The angry English prophet of muddling through life, John Gray, has published another book. Seven Types of Atheism, as described by Christopher Beha in the February 21 New York Review of Books, covers not only the "New Atheists" Gray has often criticized but also secular humanists, scientific rationalists, progressive ideologues (Marxist or otherwise), misotheists (who hate the idea and character of the Abrahamic god), materialists and skeptics. The last two categories are the most acceptable to Gray because they reject idealism and the overly-optimistic redemption narrative of Christian culture. They do not seek the elimination of religion from society, while those who do, Gray has argued before, simply substitute a secular or scientist myth of permanent progress for the Christian original and thus are no better. Indeed, Gray often argues that the New Atheists are worse, not only misunderstanding the true purpose of myth but failing to comprehend the importance of myth to coping with objectively futile existence. In place of religious or secular crusades Gray recommends a contemplative life, aspiring to an "inner freedom" indifferent to forms of government and other causes of worry or anger.

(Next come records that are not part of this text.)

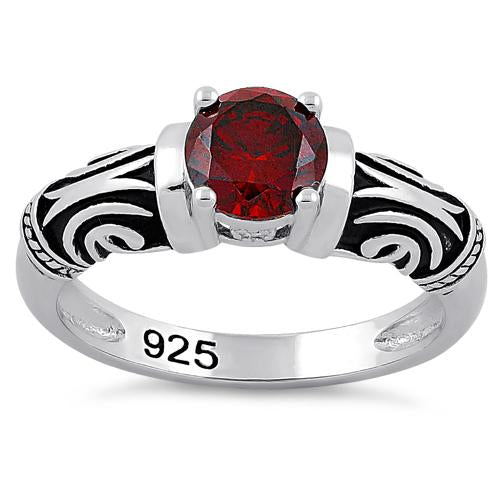 Sterling Silver Tribal Round Cut Garnet CZ Ring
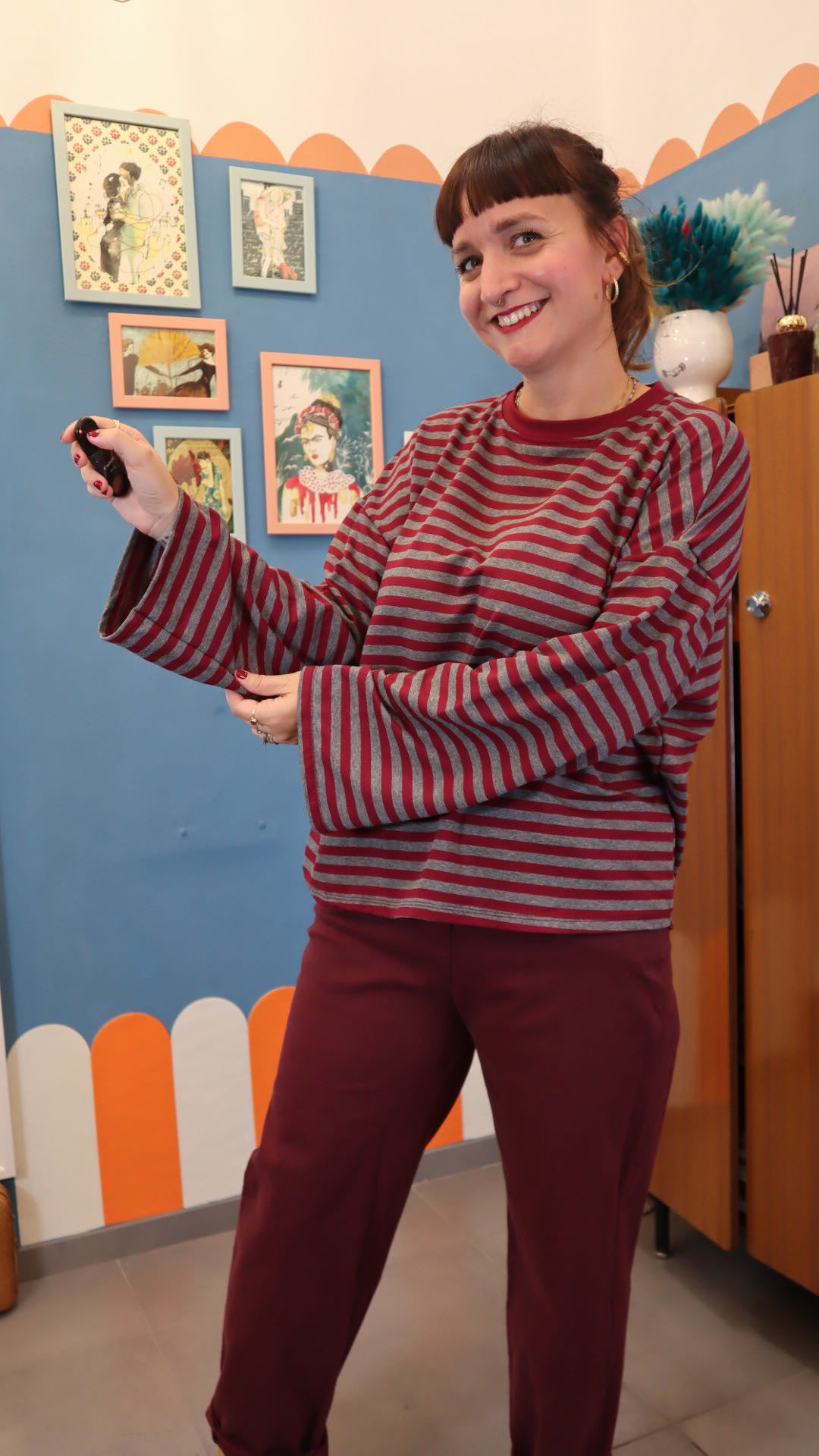 Maglia STRIPE GRIGIO/BORDò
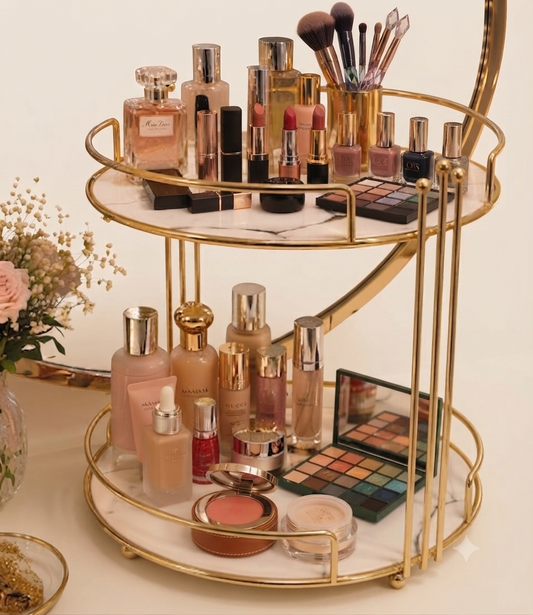2-Layer Makeup Organizer Stand – Elegant Cosmetic Storage Display Rack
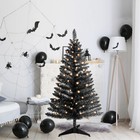 4ft Halloween Black Christmas Tree Artificial Small Mini Xmas Tree With 50 Light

Beha clearly isn't happy with the political implications of what he calls Gray's quietism. He acknowledges that Gray allows for ameliorative political action, but observes that "motivating even these narrow but necessary acts often requires a grand vision of the possibilities for permanent change." People need to believe that positive change is irreversible, but Gray doesn't allow for that. He doesn't  quite endorse the old cyclical view of history, but he rejects the "whiggish" notion of inevitable progress. Gray's error -- if not Beha's-- , so it seems from this second-hand glance, is his assumption that modern political ideology  assumes that progress must be permanent. Since Macchiavelli's time, depending on who you read, political thinkers have been all too conscious of the cyclical nature of history but have tried to beat the system. Centuries of small-r republican theory have been dedicated to contriving a political order to prevent the sort of decadence the ancients believed to be inevitable. Marxist-Leninists have been similarly preoccupied with the danger of backsliding, arguably to an irrational degree in their zeal to root out counterrevolutionaries, capitalist-roaders etc. Their concerns are not really analogous to the scriptual monotheists' obsession with heresy. Modern liberalism of the sort identified with the Democratic party is perhaps more millenarian in this sense in its faith that a bureaucratic welfare state can become a perpetual-motion machine permitting all of us to be whatever we want to be without consequences. Political thinking in general has been more realistic in acknowledging a need for active participation by citizens in holding back decadence and corruption. I'm not ready to concede that this is merely some variant of evangelical zeal, as Gray may believe, simply because it works from the assumption that nothing we do is irreversible. If liberals like Beha acknowledged as much, they might have less reason to worry about what pessimists like Gray think.